Dear love, you are so clever. Always learning, expanding, growing, always curious. I love watching you grow. You have become so kind and thoughtful, I see you thinking of others. I see you giving generously to your sister and thinking of her when she is not around. I feel your little hand gently patting my back when I hold you. This year I watched you grow outside of yourself in a way that blows me away. I felt my heart grow three sizes too.
This year, is, I hope the worst birthday you every have. We are stuck at home because of a scary and terrible sickness that is spreading rapidly through our country. I feel sad because you had just started to get interested in talking to and playing with other kids your age. Although you don’t seem to mind staying home with just your family too much, I hope you get your chance to make friends and have playdates and go on great pretend expeditions with other little people.
I don’t know what the future looks like anymore, I have a feeling it is forever changed from the version I had built in my mind. You may never notice. I hope that whatever the new normal is, you can seamlessly transition and never feel too much sadness for the way things used to be. I will do my best to make sure we have some happiness and always love no matter what.

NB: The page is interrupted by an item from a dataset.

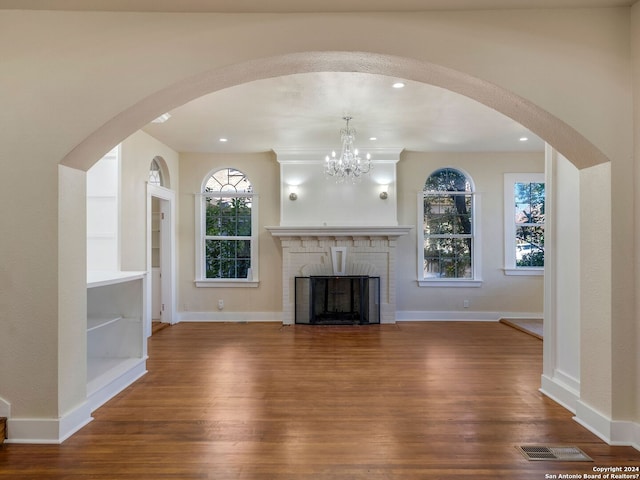 unfurnished living room with built in features, visible vents, a fireplace, and wood finished floors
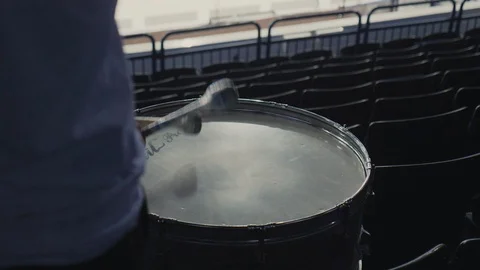 Active man plays drum with sticks at sports match on stadium Stock Footage 118768338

But right now, today, it is your birthday. This day that you came to live Earth side with me. Five years has gone by so fast! 5 trips around the sun, 5 years of your little soul living with us. I still want to hold you and wrap you up and carry you with me everywhere. It is an honor to be your mama. You breath new life in to me everyday that we are together. You teach me so much about love and kindness and patience.
Things I love about you at 5: You are hilarious, you make jokes and then laugh at them! You are generous and considerate. You are brave but also cautious, your sister runs in melee style and you are the watcher from a distance carefully assessing how you can follow her. The two of you are formidable! Such a force of nature! I am in awe of the gifts that you and Emily are and I can’t pinch myself enough to understand how I was so fortunate to be bestowed with you two.
Happy birthday my tiny, ferocious, warrior pixie! My rainbow baby, thank you for choosing me and our family. I hope you read this when you are older and know that you are revolutionary, you are loved, and you are important.
One day when you are ten, or twelve, or twenty, I will give you the biggest hardest longest hug and remind you of this day and the joy that you are.